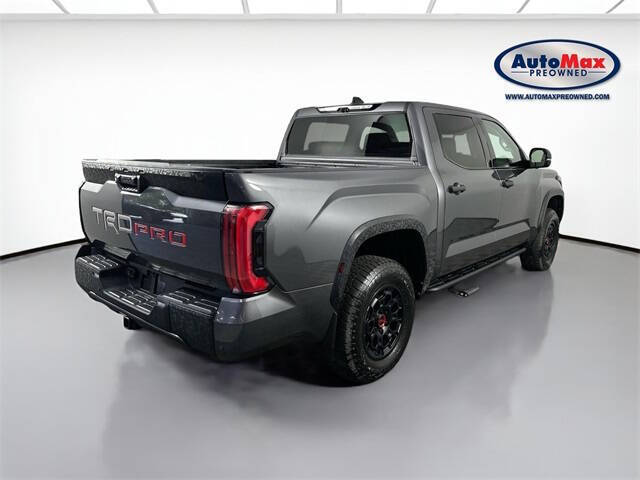 2023 Toyota Tundra TRD Pro HV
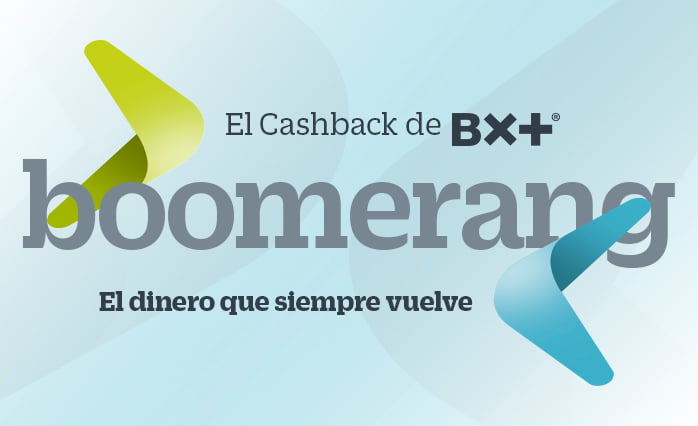 Obtén hasta 3% de Cashback por tus compras en farmacias, restaurantes y gasolineras.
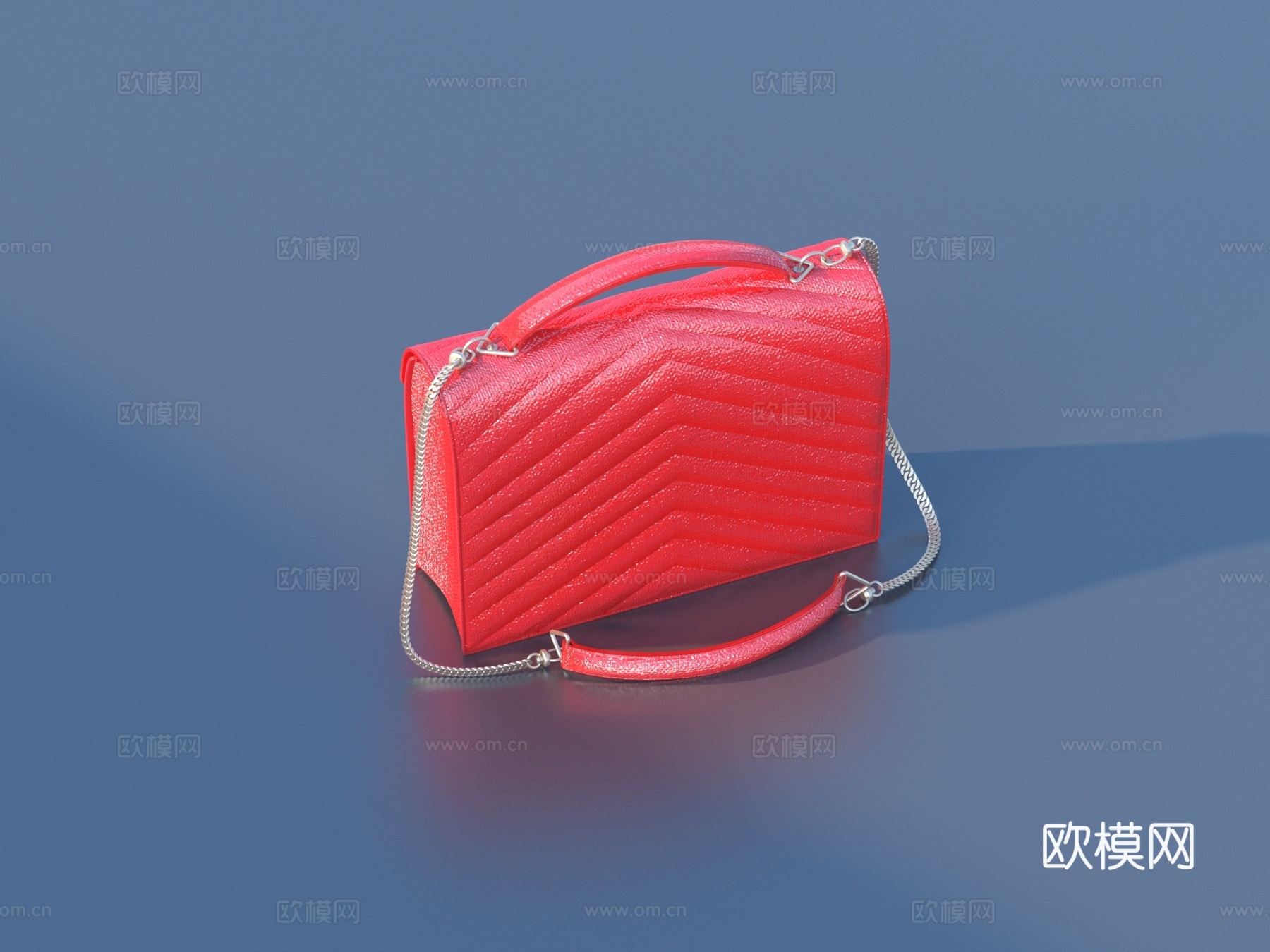 女包 女士提包 时尚女包 名牌包3d模型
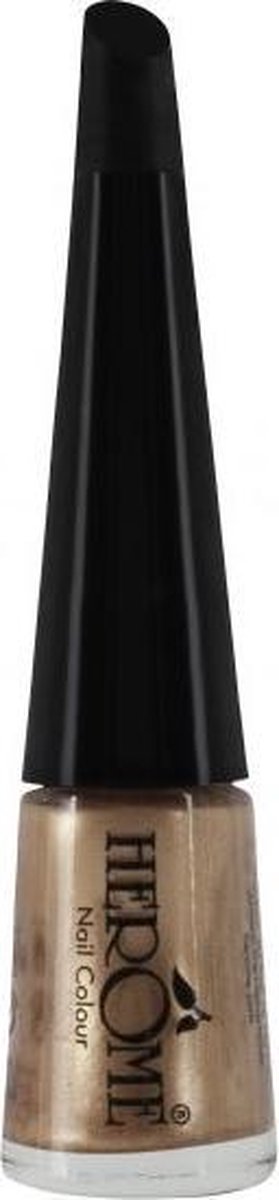 Herôme Nagellak Take Away 192 Dames 4 Ml Brons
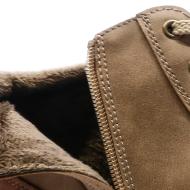 Baskets montantes Marron Femme Relife Jestor vue 7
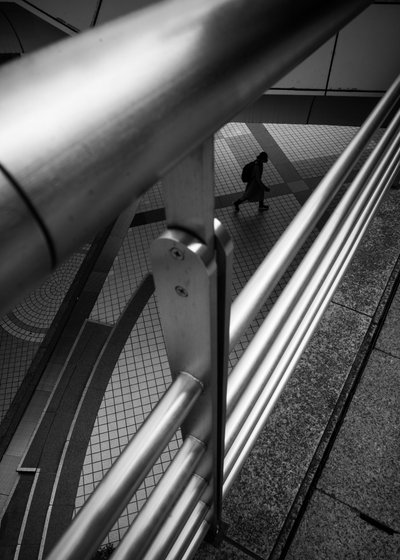 Promenade « Géométrie urbaine » - Satoshi Hata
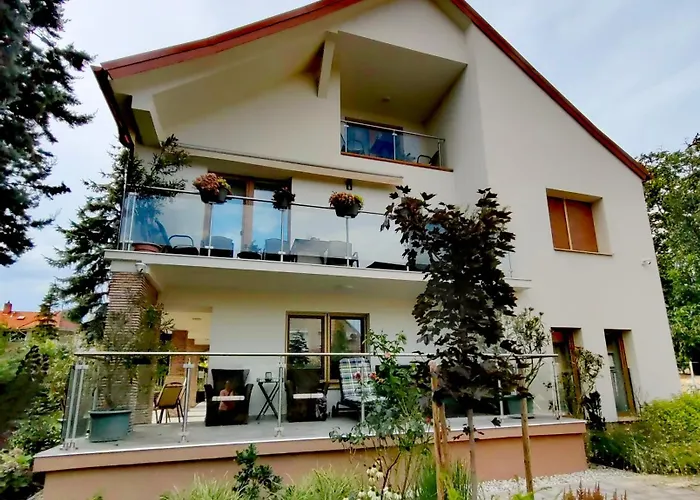 Vendeghaz Apartment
◇ ◇ ◇ ◇ ◇ ◇ ◇
Please make an exact copy of the records, leaving out any picture.

 2023 Toyota Tundra TRD Pro HV
 Obtén hasta 3% de Cashback por tus compras en farmacias, restaurantes y gasolineras.
 女包 女士提包 时尚女包 名牌包3d模型
 Herôme Nagellak Take Away 192 Dames 4 Ml Brons
 Baskets montantes Marron Femme Relife Jestor vue 7
 Promenade « Géométrie urbaine » - Satoshi Hata
 Vendeghaz Apartment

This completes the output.